At first glance, Pin Cushion presents itself as almost unbearably twee indie fare, with its quirky central characters, its oh-so-eccentric aesthetic (their house is filled with chintzy knick-knacks) and its frequent flights of fairy-tale fantasy, such as Iona’s repeated daydream in which her real mother is an air hostess (an inspired cameo by former Girl Aloud Nadine Coyle).

However, it soon becomes clear that the film has a much darker undercurrent, as evidenced by the lies that both Lyn and Iona tell each other about how well their days went.

Thematically, the film has a powerful message about bullying. Lyn desperately hopes that her daughter can escape the social exclusion and ridicule that dogged her own teenage years, so it’s doubly heart-breaking to see that Lyn herself is still bullied and targeted in her adult life.

To that end, there’s an intensity and a level of tension to the bullying sequences that brings to mind both Brian De Palma’s Carrie and Todd Solondz’ Welcome to the Dollhouse.

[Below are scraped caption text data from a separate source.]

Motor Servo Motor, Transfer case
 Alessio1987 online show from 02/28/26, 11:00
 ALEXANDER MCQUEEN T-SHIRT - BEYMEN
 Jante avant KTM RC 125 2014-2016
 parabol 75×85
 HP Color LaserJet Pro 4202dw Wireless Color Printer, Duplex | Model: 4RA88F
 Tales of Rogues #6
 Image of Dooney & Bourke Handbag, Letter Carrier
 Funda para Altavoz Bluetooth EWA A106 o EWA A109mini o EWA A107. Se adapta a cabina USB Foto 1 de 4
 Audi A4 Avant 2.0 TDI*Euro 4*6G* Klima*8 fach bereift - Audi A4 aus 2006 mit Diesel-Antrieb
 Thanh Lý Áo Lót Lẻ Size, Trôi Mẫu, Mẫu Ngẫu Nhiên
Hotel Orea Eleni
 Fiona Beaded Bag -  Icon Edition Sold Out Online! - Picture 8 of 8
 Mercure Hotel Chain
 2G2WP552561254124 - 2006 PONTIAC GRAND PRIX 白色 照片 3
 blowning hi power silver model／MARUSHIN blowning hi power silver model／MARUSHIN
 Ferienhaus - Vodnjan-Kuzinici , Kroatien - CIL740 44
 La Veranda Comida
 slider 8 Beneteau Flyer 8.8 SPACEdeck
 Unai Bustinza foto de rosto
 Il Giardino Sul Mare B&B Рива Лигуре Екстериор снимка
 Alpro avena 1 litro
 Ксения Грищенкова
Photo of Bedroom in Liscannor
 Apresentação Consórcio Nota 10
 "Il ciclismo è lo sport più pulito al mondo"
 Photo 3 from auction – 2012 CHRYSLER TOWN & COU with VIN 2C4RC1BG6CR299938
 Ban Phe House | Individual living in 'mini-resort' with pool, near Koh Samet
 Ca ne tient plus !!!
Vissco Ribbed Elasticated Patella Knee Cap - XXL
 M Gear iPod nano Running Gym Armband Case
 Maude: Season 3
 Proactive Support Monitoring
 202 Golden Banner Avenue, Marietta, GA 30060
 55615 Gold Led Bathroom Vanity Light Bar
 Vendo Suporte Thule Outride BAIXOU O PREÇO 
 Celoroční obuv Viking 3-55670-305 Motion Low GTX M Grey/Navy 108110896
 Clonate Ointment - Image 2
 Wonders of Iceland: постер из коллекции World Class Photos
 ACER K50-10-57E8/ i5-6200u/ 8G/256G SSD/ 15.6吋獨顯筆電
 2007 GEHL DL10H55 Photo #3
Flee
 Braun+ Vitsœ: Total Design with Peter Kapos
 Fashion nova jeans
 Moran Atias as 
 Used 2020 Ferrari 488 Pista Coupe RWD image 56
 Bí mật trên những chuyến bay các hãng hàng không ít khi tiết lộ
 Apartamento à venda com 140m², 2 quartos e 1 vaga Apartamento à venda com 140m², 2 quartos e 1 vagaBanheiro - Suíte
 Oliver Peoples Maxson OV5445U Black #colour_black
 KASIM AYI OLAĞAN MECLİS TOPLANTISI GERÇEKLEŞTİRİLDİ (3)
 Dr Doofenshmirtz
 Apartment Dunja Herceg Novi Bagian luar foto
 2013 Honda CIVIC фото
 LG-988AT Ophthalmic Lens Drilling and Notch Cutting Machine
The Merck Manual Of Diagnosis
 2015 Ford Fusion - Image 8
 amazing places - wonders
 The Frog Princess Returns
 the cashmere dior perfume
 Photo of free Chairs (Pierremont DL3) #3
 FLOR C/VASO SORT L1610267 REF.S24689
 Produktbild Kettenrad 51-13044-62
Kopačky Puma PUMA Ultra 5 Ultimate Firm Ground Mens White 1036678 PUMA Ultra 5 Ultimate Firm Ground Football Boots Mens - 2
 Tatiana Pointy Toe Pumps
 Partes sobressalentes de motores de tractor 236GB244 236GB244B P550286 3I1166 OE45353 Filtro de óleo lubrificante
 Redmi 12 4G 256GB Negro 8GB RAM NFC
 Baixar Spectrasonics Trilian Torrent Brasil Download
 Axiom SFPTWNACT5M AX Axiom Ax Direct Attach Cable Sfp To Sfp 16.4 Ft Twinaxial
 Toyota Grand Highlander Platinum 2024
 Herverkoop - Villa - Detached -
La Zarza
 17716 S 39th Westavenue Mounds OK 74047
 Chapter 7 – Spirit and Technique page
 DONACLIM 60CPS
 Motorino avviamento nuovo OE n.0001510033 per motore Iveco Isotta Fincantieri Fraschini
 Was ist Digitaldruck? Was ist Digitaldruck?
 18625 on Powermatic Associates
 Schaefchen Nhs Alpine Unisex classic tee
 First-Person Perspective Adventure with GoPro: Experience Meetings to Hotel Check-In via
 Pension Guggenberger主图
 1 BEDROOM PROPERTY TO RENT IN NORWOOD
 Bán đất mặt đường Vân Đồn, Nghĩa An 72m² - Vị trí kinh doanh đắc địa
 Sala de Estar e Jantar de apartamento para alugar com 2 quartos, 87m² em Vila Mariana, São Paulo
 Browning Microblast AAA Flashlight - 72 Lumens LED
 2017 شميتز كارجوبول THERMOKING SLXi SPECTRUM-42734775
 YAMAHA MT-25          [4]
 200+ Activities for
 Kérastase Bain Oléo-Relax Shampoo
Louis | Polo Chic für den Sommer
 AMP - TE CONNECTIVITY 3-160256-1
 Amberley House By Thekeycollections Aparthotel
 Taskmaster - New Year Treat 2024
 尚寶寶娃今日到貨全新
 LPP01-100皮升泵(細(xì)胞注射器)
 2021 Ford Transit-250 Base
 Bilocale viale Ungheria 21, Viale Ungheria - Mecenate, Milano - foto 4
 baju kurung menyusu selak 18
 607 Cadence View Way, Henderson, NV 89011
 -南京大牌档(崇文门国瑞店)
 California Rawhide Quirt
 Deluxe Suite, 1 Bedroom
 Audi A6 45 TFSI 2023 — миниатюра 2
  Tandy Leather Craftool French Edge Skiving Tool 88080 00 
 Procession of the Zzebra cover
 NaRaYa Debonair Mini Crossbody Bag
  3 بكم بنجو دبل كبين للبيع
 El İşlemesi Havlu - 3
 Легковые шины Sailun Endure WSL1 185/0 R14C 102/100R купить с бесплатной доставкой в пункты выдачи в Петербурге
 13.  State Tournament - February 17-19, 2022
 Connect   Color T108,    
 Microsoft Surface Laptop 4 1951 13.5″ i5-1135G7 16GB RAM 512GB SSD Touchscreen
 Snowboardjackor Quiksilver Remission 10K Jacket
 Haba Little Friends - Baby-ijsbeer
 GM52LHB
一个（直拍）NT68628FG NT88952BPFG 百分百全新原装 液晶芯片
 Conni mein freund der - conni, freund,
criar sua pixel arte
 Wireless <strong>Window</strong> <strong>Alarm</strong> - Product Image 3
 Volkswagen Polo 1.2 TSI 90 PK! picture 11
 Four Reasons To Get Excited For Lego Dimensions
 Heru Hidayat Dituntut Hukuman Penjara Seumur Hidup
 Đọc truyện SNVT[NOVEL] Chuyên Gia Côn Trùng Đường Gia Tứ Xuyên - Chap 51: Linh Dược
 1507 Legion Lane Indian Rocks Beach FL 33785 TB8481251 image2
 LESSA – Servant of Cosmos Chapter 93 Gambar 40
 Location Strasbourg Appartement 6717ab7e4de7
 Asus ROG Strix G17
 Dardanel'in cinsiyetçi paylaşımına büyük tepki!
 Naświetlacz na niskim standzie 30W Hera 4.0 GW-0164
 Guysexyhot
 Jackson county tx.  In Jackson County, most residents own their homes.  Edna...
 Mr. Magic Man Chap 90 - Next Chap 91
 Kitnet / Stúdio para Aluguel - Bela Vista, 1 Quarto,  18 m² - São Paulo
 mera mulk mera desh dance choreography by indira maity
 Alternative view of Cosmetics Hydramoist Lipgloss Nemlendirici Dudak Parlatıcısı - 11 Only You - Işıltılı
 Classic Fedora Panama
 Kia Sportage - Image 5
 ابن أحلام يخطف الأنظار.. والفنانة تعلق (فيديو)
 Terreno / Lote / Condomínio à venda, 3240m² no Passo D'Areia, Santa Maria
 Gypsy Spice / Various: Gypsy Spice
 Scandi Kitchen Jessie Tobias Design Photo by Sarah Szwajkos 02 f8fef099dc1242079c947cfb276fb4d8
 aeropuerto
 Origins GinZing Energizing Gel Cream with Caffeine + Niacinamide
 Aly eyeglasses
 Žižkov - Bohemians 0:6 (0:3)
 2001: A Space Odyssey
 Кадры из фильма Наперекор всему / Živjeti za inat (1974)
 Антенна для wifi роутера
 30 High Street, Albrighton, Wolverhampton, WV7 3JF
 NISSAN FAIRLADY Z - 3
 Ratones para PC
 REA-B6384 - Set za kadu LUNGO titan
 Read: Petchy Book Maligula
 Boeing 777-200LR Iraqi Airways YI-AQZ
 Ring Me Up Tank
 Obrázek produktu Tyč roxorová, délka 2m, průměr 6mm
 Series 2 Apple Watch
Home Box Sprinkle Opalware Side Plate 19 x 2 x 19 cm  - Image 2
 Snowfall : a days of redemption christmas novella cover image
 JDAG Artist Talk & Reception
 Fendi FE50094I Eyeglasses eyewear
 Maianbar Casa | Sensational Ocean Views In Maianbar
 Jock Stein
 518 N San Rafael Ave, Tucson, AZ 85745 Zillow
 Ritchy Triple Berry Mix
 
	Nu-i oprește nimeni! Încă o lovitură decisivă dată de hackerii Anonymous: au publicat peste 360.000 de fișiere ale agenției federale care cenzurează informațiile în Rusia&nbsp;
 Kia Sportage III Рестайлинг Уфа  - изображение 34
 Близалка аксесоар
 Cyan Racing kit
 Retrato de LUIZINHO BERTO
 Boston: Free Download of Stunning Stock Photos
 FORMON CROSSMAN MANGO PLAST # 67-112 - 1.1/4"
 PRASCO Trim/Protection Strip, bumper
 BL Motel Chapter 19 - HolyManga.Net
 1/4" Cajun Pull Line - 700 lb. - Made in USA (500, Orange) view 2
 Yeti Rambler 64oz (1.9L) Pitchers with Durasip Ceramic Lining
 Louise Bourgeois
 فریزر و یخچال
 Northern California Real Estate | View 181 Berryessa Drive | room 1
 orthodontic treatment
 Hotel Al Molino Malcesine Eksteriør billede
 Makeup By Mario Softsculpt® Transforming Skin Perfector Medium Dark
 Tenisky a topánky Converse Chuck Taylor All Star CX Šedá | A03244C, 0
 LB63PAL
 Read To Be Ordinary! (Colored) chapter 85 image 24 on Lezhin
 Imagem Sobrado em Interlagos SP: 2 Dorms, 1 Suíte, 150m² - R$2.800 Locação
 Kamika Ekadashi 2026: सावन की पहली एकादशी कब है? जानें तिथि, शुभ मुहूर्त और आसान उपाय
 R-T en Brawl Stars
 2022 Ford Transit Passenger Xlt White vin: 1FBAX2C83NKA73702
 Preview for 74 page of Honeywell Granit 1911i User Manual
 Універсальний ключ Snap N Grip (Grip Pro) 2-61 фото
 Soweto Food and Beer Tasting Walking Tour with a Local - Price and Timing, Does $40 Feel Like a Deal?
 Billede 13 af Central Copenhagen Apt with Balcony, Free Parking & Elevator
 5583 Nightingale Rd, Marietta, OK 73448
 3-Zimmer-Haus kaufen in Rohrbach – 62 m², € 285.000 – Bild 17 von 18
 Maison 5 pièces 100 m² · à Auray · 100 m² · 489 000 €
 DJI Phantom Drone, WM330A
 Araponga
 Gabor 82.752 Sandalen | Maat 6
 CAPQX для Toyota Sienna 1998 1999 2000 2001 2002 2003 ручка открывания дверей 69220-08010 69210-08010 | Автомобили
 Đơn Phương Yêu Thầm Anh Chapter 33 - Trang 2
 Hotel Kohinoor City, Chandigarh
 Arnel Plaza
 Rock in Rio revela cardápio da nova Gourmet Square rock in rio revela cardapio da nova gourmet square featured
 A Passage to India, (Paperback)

Scanlan is one of our most accomplished British character actors, so it’s a rare treat to see her handed a lead role and she duly delivers an exceptional performance.

Her heartfelt portrayal of Lyn is simultaneously wrenching and pitiful, yet laced with tension. You’re constantly on edge, waiting for her to crack and fearful of the consequences if should that happen.

Newmark is equally good in her auspicious screen debut, seeding gawky vulnerability with hidden reserves of strength, yet still retaining enough naivete that you share Lyn’s concerns for her.

The film’s deceptively dreamy aesthetic (which occasionally threatens to become suffocating) is further heightened by Nicola Daley’s selectively hazy cinematography and Francesca Massariol’s predominantly pink and pastel production design, as well as an eclectic and distinctive score by composer Natalie Holt.

By turns charming, disturbing and heart-breaking, this is an accomplished indie debut that announces both writer-director Deborah Haywood and star Lily Newmark as serious talents to watch.

Pin Cushion is screening 13th-26th July at HOME with the support of Birds Eye View’s Reclaim the Frame campaign to promote work by female filmmakers.